This paper presents a first-order model that enables the scaling of solder joint failure cycles for board and/or die or substrate thickness effects under thermal cycling conditions. The model also allows for the prediction of failure cycles for solder joints of double-sided, mirrored assemblies based on failure data for single-sided assemblies.

Conclusions


A first-order design-for-reliability tool / model has been developed that captures the impact of board and/or component thickness on solder joint reliability under thermal cycling conditions.

The tool allows for scaling of failure cycles from one board thickness to another, or from one assembly configuration to another (single-sided or mirrored).

Solder joint life under thermal cycling conditions goes as the inverse of the assembly stiffness.

The model has been validated against thermal cycling results for 1 to 3.3 mm thick test boards and 0.2 to 3.7 mm thick components.

The model also accounts for the global CTE mismatch between board and component, as well as the component size (DNP) effect.

Other important parameters, such as stand-off height, assembly pitch and pad sizes are being added to the model (to be presented in a future publication).

The model is algebraic and is easily implemented in a spreadsheet. This allows for quick assessments of the relative impact of changes in design parameters and material properties on solder joint reliability, independent of soft solder compositions.

The board thickness effect is confounded with concurrent changes in in-plane moduli and CTEs. The interpretation of thermal cycling test results and the extrapolation of test data to field conditions rely heavily on realistic estimates, or better, measurements of board properties. In our updated survey of test board properties from multiple sources (Figure 19), board modulus is anywhere in the range 10 to 30 GPa and inplane CTEs are in the range 12 to 21 ppm/degree C. Effective board properties vary widely and cannot be assigned randomly when entered into reliability models.
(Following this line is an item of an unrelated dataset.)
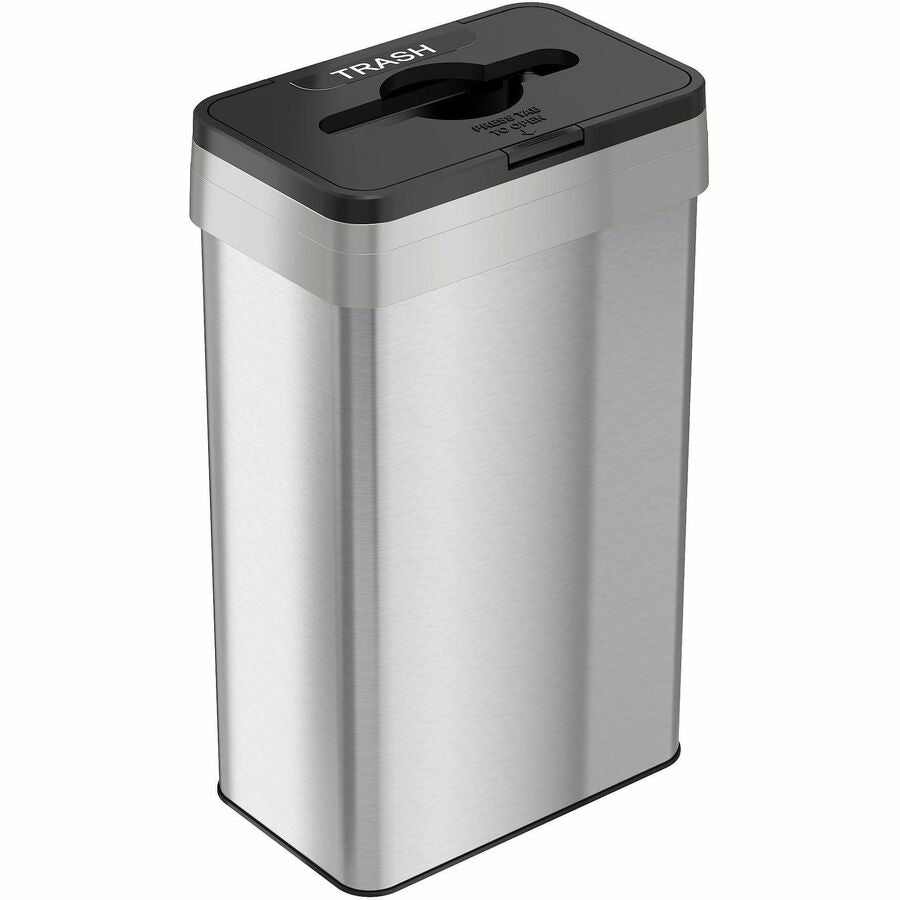 HLS Commercial 21-Gallon Rectangular Open Trash Can - Push Button Opening - 21 gal Capacity - Rectangular - Fingerprint Proof, Smudge Resistant, Easy to Clean - 34" Height x 10.3" Width x 16" Depth - Stainless Steel - Silver - 1 Each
The stiffness or strength-of-materials approach, which is the foundation of the board and component thickness model, provides qualitative and quantitative insight into controlling parameters and competing factors: a) the board and component stiffness in flexure and under axial loading; b) the distance H that separates the neutral planes of the board and of the component. The latter increases the compliance of thicker board assemblies, a potential factor in some thick boards having longer solder joint lives than thin board assemblies as observed in accelerated thermal cycling and finite element simulations (Teng et al., 2002; Shih et al., 2004; Wu et al., 2014).

These situations were not modeled in this paper because relevant board and package material properties were not available.